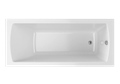 TIMO ванна RITTA1570 (1500*700*630), шт RITTA1570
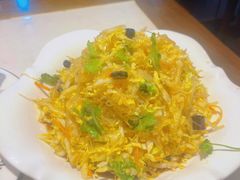 -老仁义·清真菜(太古街店)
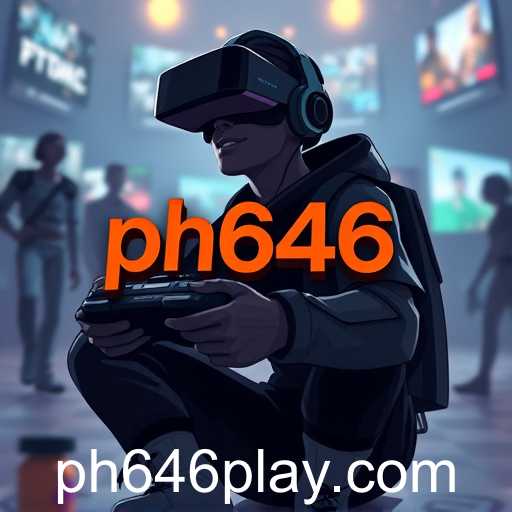 Gaming in 2025: The Rise of ph646 and Its Impact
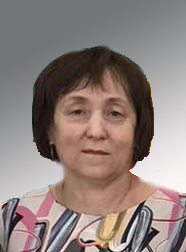 Черенкова Ольга Демьяновна.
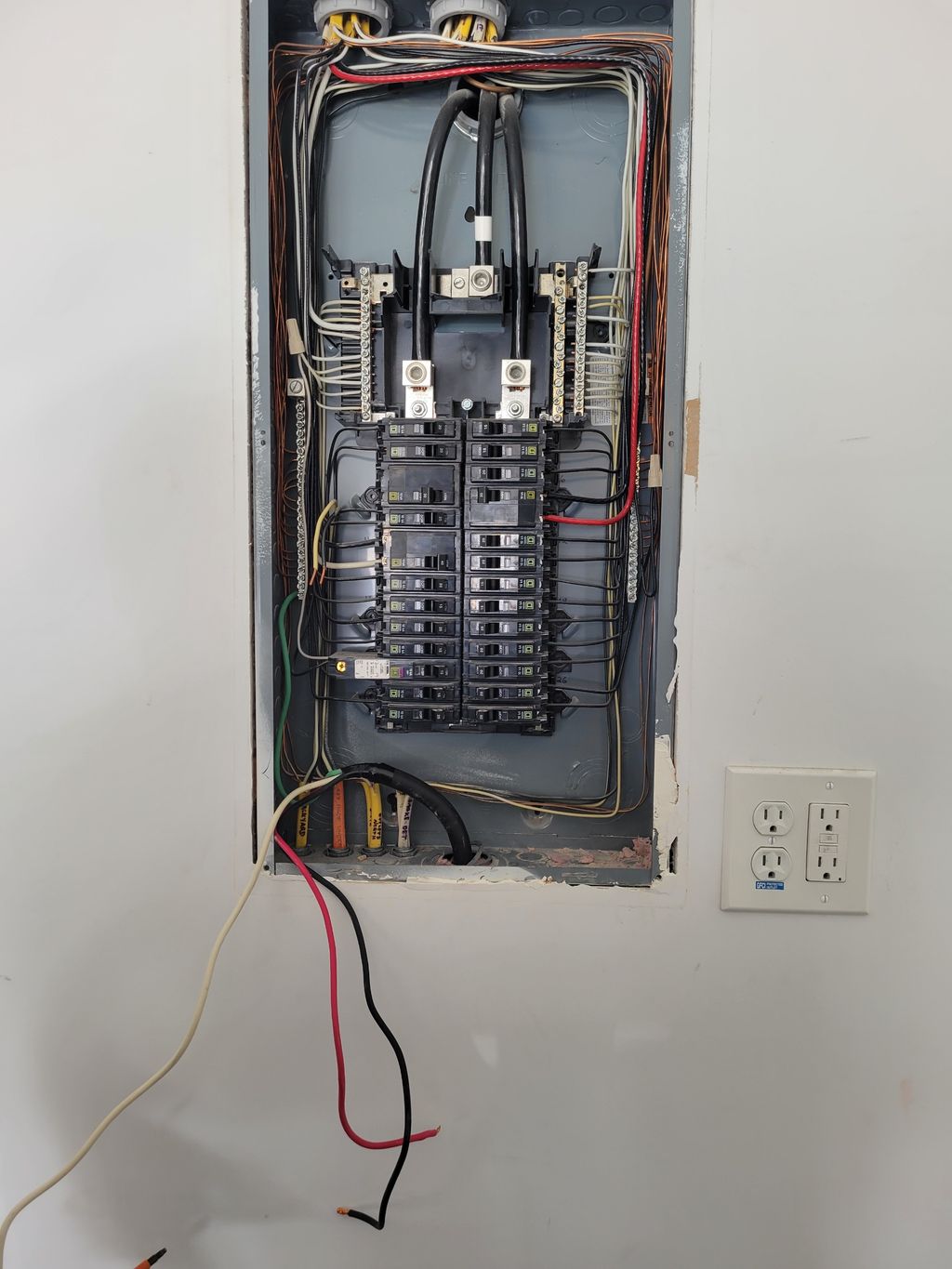 Projects and media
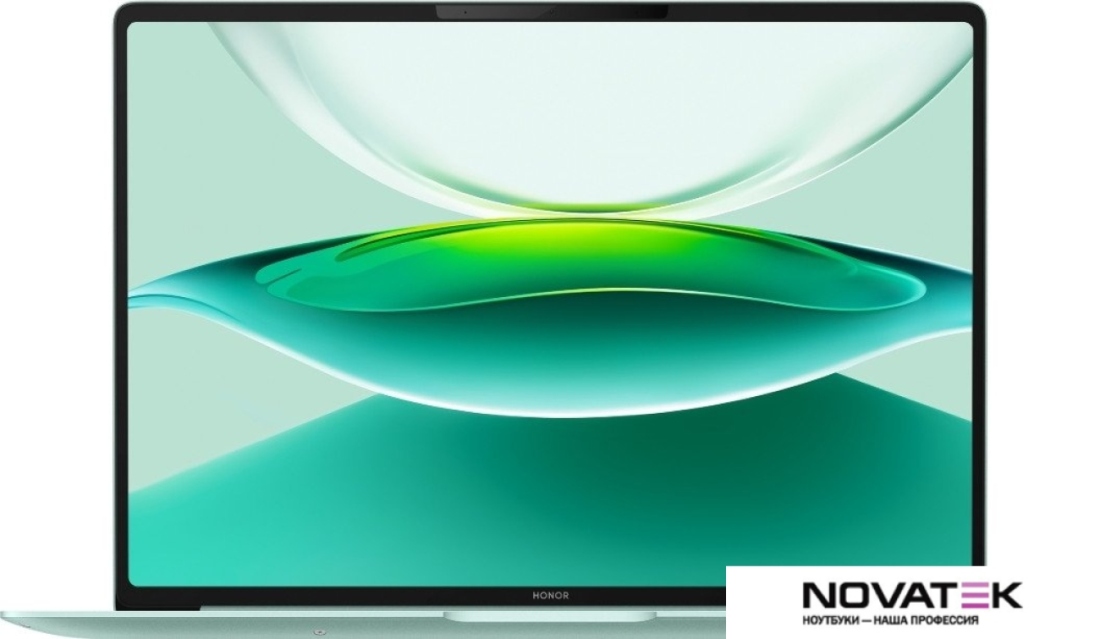 Ноутбук HONOR MagicBook Pro 14 FMB-P 5301AMUC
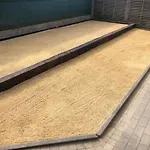 بيت للعطل Mares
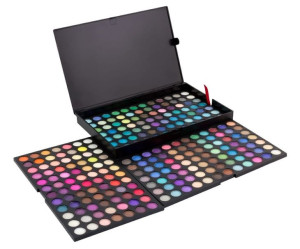Paleta cieni 252 kolory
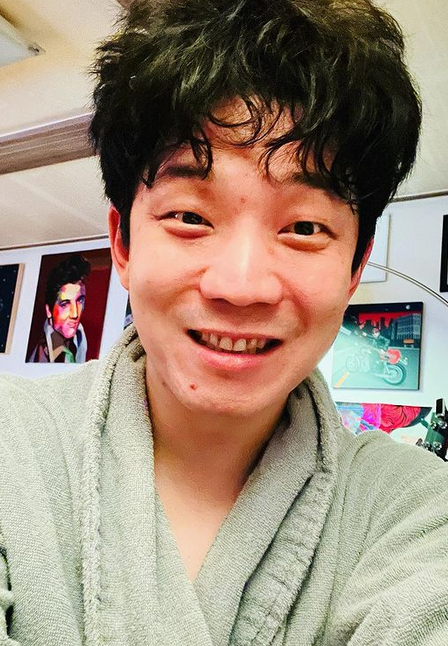 크라잉넛 한경록 프로필 결혼 저작권료 크라잉넛 한경록 프로필 결혼 저작권료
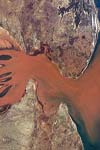 تفسیر تاریخچه رسوبگذاری و پس از رسوبگذاری سازند سرچشمه آپسین زیرین در ناحیه جنوب آق دربند, شرق حوضه رسوبی کپه داغ شمال شرق ایران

:::::

=== What to produce ===
Reproduce these records exactly, but not the pictures.

=== Response below ===
 TIMO ванна RITTA1570 (1500*700*630), шт RITTA1570
 -老仁义·清真菜(太古街店)
 Gaming in 2025: The Rise of ph646 and Its Impact
 Черенкова Ольга Демьяновна.
 Projects and media
 Ноутбук HONOR MagicBook Pro 14 FMB-P 5301AMUC
 بيت للعطل Mares
Paleta cieni 252 kolory
 크라잉넛 한경록 프로필 결혼 저작권료 크라잉넛 한경록 프로필 결혼 저작권료
 تفسیر تاریخچه رسوبگذاری و پس از رسوبگذاری سازند سرچشمه آپسین زیرین در ناحیه جنوب آق دربند, شرق حوضه رسوبی کپه داغ شمال شرق ایران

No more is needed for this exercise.